> **Aim of the exercise**: The task requires repeating, word for word, the lines from the one with "Set snowboard Astral + att" through the end of the material, leaving out all pictures.

> **Entries provided**:
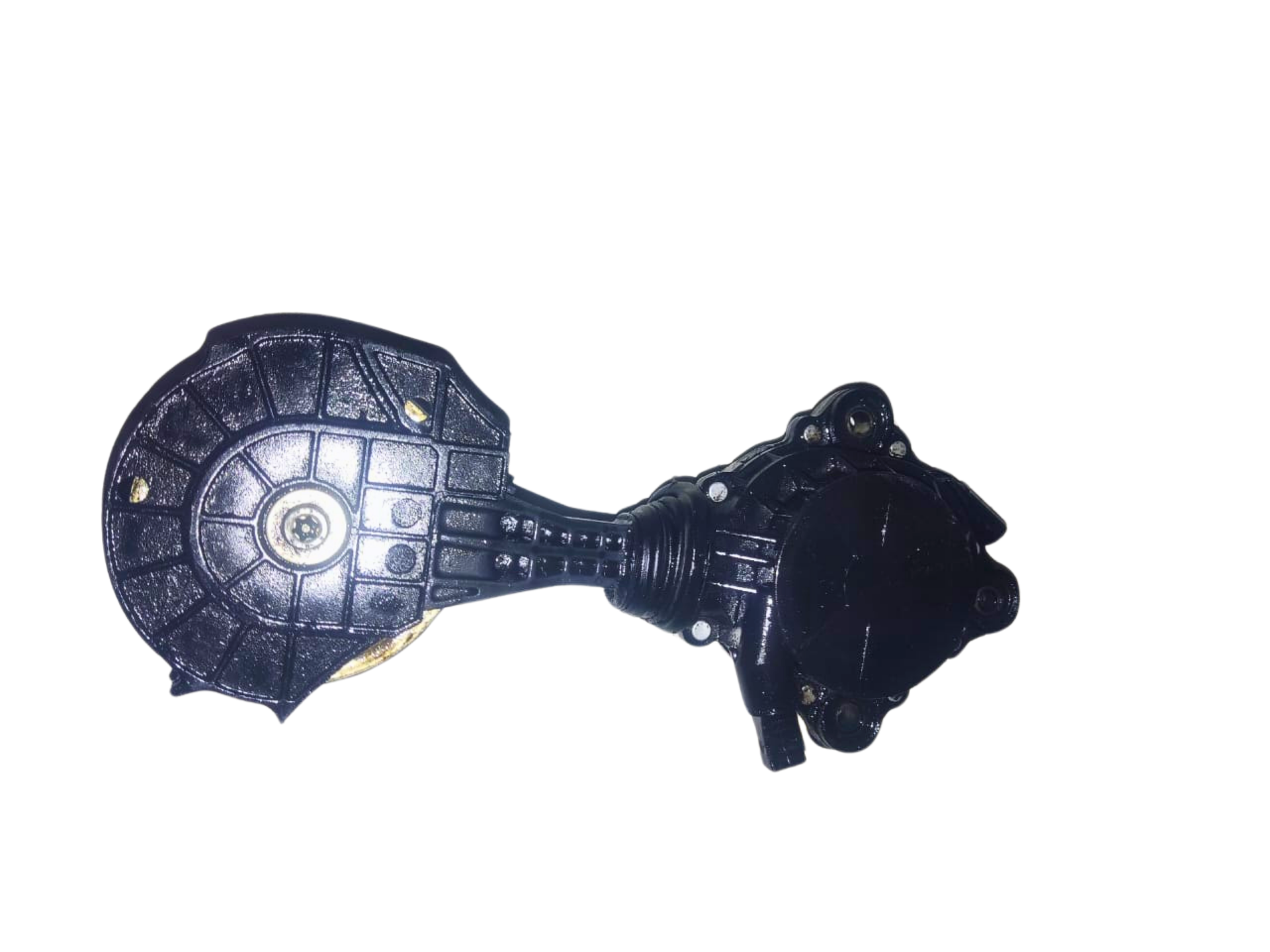 Poulie tendeur de courroie d’alternateur – Réf.&nbsp;V759883280 207 208 308 c3 c4 berlingo 3008&nbsp; 5008 508 c5&nbsp; 1.6 vti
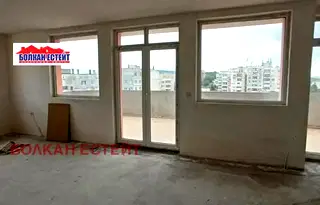 Многостаен апартамент във Велико Търново, Бузлуджа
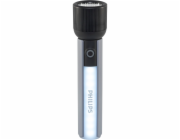 Philips LED Light Taschenlampe  USB-C, COB, 400 lm, IP44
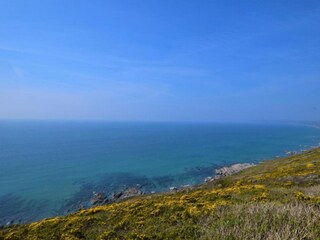 Vakantiehuisje Plymouth Omgeving 31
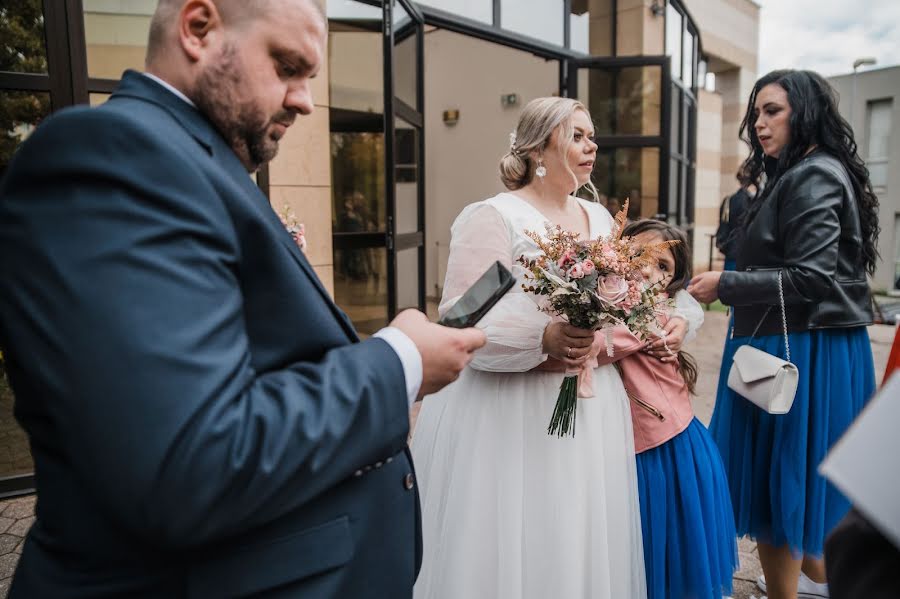 Fotografo di matrimoni Antonia Smetanková (tonkasmetankova). Foto del 29 aprile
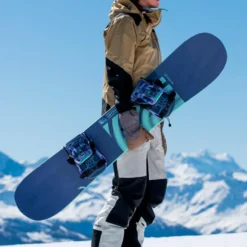 Set snowboard Astral + att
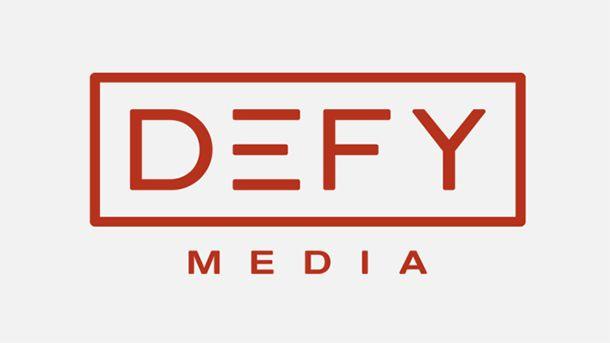 Defy Logo - Defy Media Logo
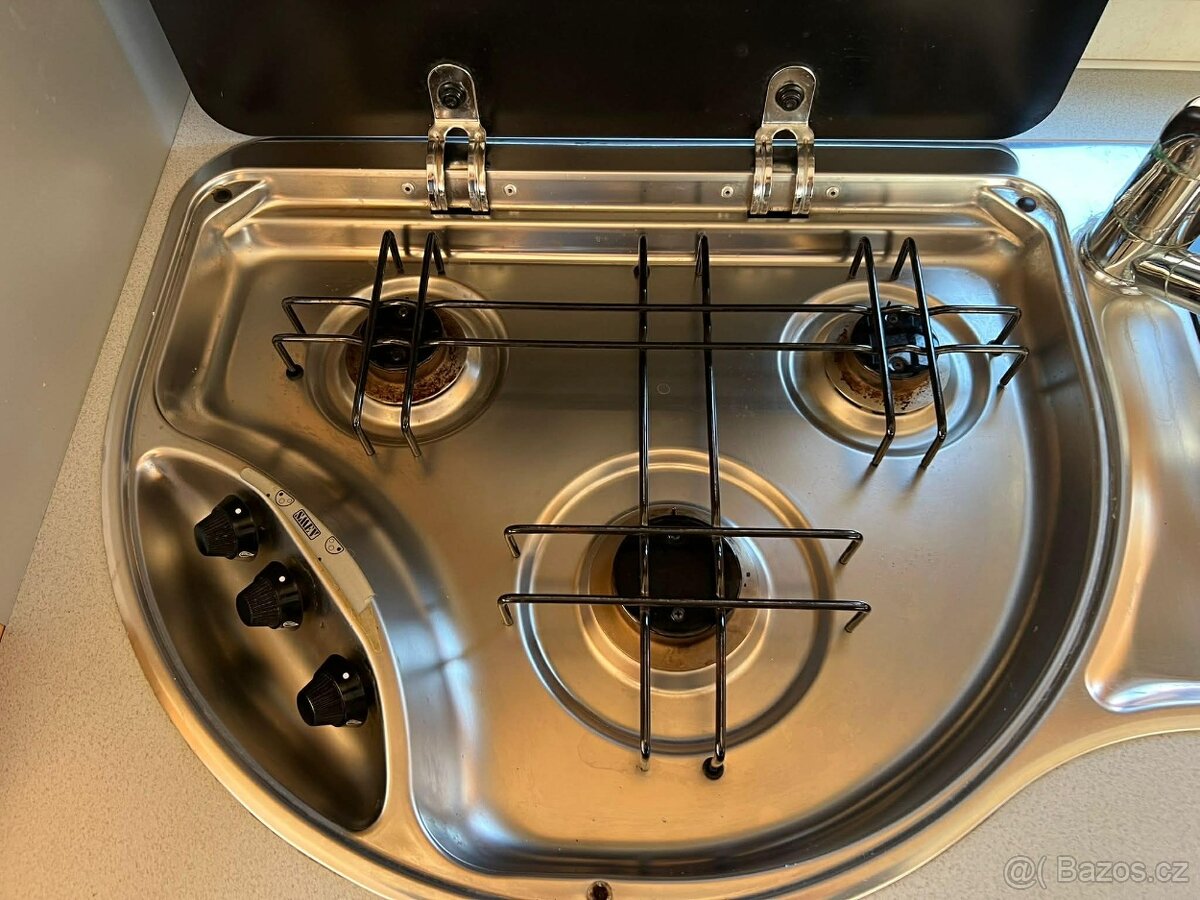 Hobby De Luxe Easy 400 / 100 km/h - 11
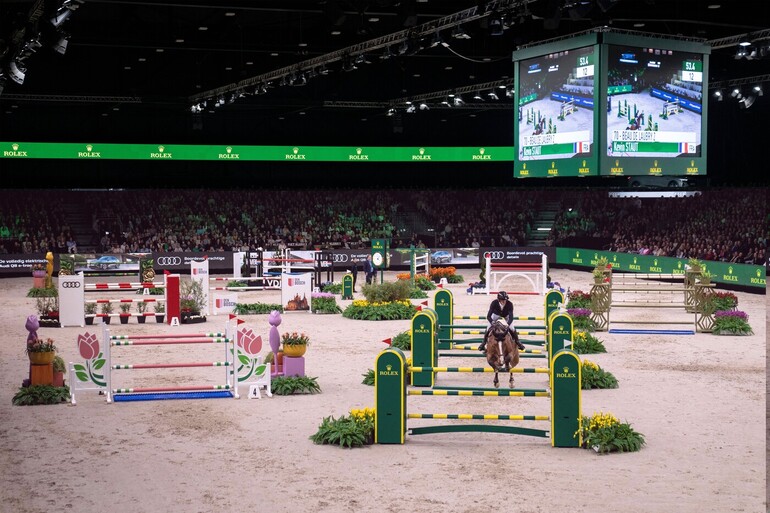 Photo © Rolex/Tom Lovelock. 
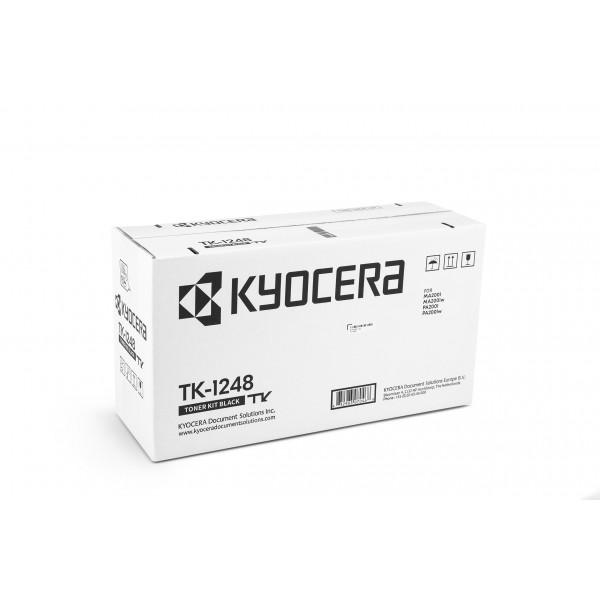 KYOCERA Toner Black TK-1248 - Σύγκριση Προϊόντων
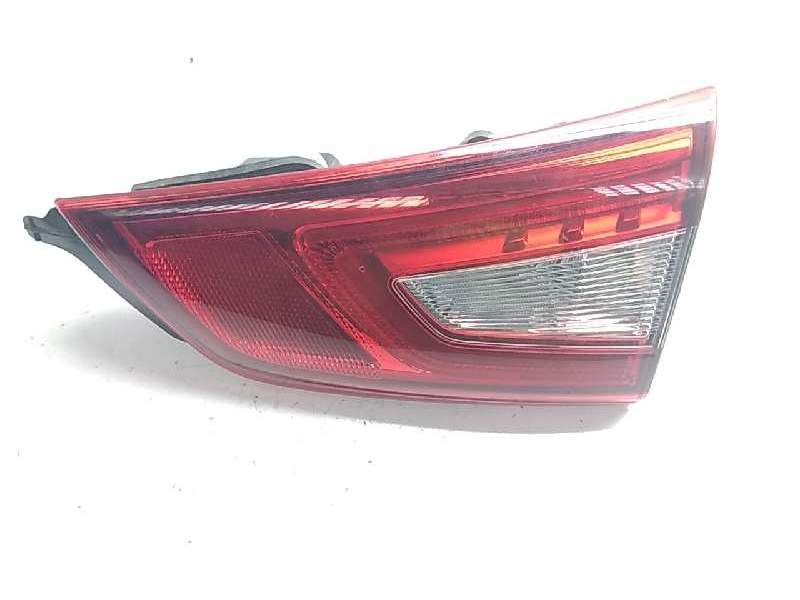 Recambio de piloto trasero derecho porton para nissan qashqai (j11) acenta referencia OEM IAM 265504EA5C  
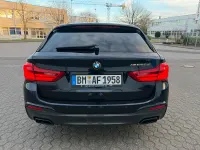 Gebraucht BMW M550 Shadowline 400 PS (294 kW) 2019 Schwarz Limousine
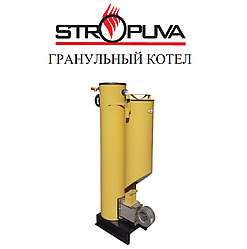 Пеллетный котел история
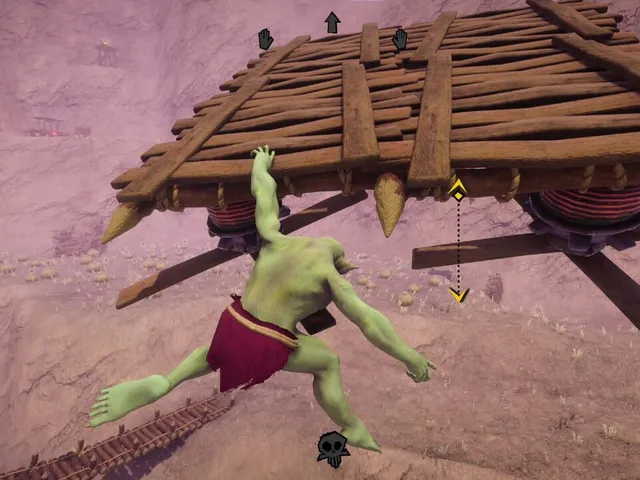 Watch Out For Goblins!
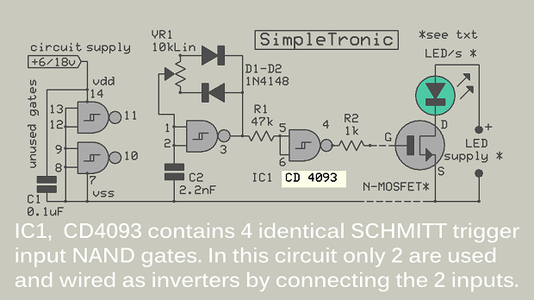Circuit Operation Details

> **Final answer**:
 Set snowboard Astral + att
 Defy Logo - Defy Media Logo
 Hobby De Luxe Easy 400 / 100 km/h - 11
 Photo © Rolex/Tom Lovelock. 
 KYOCERA Toner Black TK-1248 - Σύγκριση Προϊόντων
 Recambio de piloto trasero derecho porton para nissan qashqai (j11) acenta referencia OEM IAM 265504EA5C  
 Gebraucht BMW M550 Shadowline 400 PS (294 kW) 2019 Schwarz Limousine
 Пеллетный котел история
 Watch Out For Goblins!
Circuit Operation Details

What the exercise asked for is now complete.